Jul 4, 2023, 9:50:13 PM7/4/23

to OpenXLA Discuss

Hi everyone,

The current design of dynamism in MHLO and StableHLO has been practically useful. There are success stories of it connecting JAX, PyTorch and TensorFlow to a number of compilers, in a mix of research and production environments. This RFC aims to leverage existing support for dynamism in the StableHLO dialect, discuss improvements to the existing design and then formalize the improved design in the StableHLO opset.

The main challenge with writing this RFC was that it affects the entire opset. The current design involves a lot of corner cases, so it took about a year of practical evaluation by the author - primarily within JAX native serialization, but also correlating with other ongoing and prior projects - to distill the design into just a few general design principles.
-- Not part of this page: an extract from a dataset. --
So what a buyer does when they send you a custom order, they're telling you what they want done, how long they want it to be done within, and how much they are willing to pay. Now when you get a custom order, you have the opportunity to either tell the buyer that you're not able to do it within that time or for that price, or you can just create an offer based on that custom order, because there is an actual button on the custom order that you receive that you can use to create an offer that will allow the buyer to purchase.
Finally, I'd like to acknowledge Smit Hinsu's work on the Bounded Dynamism RFC from Q4 2022, which was superseded by this work. The representation for bounded dynamic types in the StableHLO dialect was designed and implemented by Smit, and Smit's proposal to allow bounded dynamic types everywhere is compatible with the more general proposal from this RFC to enable dynamism for all size-related program elements. Furthermore, Smit contributed the formal spec for get_dimension_size as well as the informal spec for set_dimension_size.
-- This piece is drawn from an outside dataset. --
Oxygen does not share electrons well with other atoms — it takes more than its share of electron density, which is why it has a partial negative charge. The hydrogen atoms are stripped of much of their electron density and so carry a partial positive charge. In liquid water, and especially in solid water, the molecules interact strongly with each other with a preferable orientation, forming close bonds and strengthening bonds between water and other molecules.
PTAL at the RFC: https://github.com/openxla/stablehlo/pull/1668.

Cheers,

Eugene

Michael Levesque-Dion

unread,

Mar 21, 2024, 4:09:55 PMMar 21

to OpenXLA Discuss, Eugene Burmako

Hi everyone,

Thank you for all the discussion on the RFC! We ended up tying off remaining feedback in early February: https://github.com/openxla/stablehlo/blob/main/rfcs/20230704-dynamism-101.md.
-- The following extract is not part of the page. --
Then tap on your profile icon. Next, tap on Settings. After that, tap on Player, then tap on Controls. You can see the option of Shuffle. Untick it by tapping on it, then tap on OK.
Several of the proposals have already been implemented. Unranked tensors have been removed from StableHLO, which allowed a good amount of cleanup, and more cleanup is coming.

We're working on adding specs, reference implementations, and revisiting verifiers for dynamic ops, as well as considering what new dynamic ops are missing (P4).

While integrating P5’s "represent shape computations as StableHLO operations on variadic 0D tensors", we noticed that the returns are lower than we thought and the costs are high. Following up with frameworks teams targeting dynamic ops, we believe the purported benefits aren't worth the breakages to community code (MLIR, C++, Python). Therefore, we are proposing to continue using 1D tensors to represent shapes in dynamic ops, which e.g. facilitates interop with shape dialect operations and makes DRR patterns easier to write. I have sent a PR to update the RFC: https://github.com/openxla/stablehlo/pull/2116. I will keep the PR open for one week to allow feedback from the community.

Best,

Michael

Michael Levesque-Dion

unread,

Apr 1, 2024, 3:02:29 PMApr 1

to OpenXLA Discuss, Michael Levesque-Dion, Eugene Burmako

We got the following piece of feedback from Stella....@amd.com (the feedback was meant to be sent here, but somehow didn't make it):

Thank you for the information. The change of direction on P5 is unfortunate: PyTorch has adopted a very compact representation for this based on SymInts, and it interoperates well with the symbolic constraint equations that they emit at the graph level. We’re still working to fully leverage it, but it is inherently more analyzable – which is the primary production purpose for such expressions. It nicely produces symbolic relationships where it is easy to infer not just bounds but multiples/strides/offset/etc between dimensions (which commonly occurs in nature). Given that the StableHLO representation is more adhoc and harder to analyze, it seems like code generation algorithms will end up benefiting PyTorch/FX uses more (unless if StableHLO itself invests in analysis/tooling to lift its representation to a similar level).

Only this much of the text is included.